Eu conheci Ouro Preto antes e depois do Centro de Artes e Convenções (Cacop). A manutenção do conjunto urbano parecia para a sociedade local como um ônus do tombamento, já que sua sustentabilidade exigia investimentos pessoais dos moradores.

A instalação do Cacop incrementou o turismo no município e concretizou a vocação turística do patrimônio cultural, que passou a gerar renda para os moradores. Esses mudaram a sua percepção sobre o patrimônio, que passou a ser bem conservado pela população local.

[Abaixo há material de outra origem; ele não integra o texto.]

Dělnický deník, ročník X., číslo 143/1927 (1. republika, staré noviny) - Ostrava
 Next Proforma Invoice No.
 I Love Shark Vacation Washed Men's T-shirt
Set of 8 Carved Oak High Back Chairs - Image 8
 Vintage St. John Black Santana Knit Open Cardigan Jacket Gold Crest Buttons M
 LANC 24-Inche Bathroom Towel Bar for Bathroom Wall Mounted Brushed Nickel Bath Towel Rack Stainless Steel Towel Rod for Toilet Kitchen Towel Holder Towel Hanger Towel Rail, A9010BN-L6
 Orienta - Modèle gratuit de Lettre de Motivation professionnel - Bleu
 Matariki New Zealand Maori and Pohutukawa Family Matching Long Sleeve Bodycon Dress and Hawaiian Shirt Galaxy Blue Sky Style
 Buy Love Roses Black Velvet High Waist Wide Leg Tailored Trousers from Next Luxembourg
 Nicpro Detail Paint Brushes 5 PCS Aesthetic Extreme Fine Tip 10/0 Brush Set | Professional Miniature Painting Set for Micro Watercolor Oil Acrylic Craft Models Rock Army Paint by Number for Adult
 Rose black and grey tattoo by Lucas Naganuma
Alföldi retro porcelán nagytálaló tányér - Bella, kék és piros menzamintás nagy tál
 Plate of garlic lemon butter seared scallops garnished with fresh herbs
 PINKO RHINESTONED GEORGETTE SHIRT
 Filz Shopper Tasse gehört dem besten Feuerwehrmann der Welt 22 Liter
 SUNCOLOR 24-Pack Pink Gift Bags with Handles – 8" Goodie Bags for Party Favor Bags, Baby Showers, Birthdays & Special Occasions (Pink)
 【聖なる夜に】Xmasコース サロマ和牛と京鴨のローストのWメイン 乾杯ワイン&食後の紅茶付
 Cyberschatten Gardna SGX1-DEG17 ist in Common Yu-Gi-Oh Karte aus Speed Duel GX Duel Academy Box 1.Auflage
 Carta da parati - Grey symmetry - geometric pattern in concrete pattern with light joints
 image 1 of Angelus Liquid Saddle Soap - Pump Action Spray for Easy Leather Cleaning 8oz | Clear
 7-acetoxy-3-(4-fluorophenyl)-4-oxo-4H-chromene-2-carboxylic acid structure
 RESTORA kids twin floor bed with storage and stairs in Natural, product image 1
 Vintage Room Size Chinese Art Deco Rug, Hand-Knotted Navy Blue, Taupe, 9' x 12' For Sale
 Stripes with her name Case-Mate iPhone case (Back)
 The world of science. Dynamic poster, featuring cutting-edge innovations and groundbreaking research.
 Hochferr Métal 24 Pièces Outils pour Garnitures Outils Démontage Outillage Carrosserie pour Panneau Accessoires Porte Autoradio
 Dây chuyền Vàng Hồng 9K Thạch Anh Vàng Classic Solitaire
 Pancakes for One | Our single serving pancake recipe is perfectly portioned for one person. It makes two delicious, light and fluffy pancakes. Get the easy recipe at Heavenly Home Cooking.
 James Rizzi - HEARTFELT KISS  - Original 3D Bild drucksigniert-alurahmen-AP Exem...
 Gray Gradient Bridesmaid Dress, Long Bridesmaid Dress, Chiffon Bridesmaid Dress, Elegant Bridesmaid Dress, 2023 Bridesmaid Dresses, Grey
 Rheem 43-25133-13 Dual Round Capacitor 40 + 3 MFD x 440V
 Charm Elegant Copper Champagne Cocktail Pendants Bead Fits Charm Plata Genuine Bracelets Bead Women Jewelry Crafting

A grande campanha conduzida em Minas para resgate de bens desaparecidos já teve o Iepha como instituição de destaque. Como retomar o programa e sensibilizar as comunidades para as ações de proteção, preservação e recuperação do seu patrimônio?

Estamos trabalhando com a Coordenadoria das Promotorias de Patrimônio Cultural e Turístico (CPPC/Ministério Público de Minas Gerais) para ampliar as informações sobre os bens desaparecidos. No Centro do Patrimônio Cultural, estamos implantando uma reserva técnica visitável para que os bens que foram recuperados sejam expostos à visitação permanente, de modo que a divulgação possa ajudar a retornar aos seus locais de origem.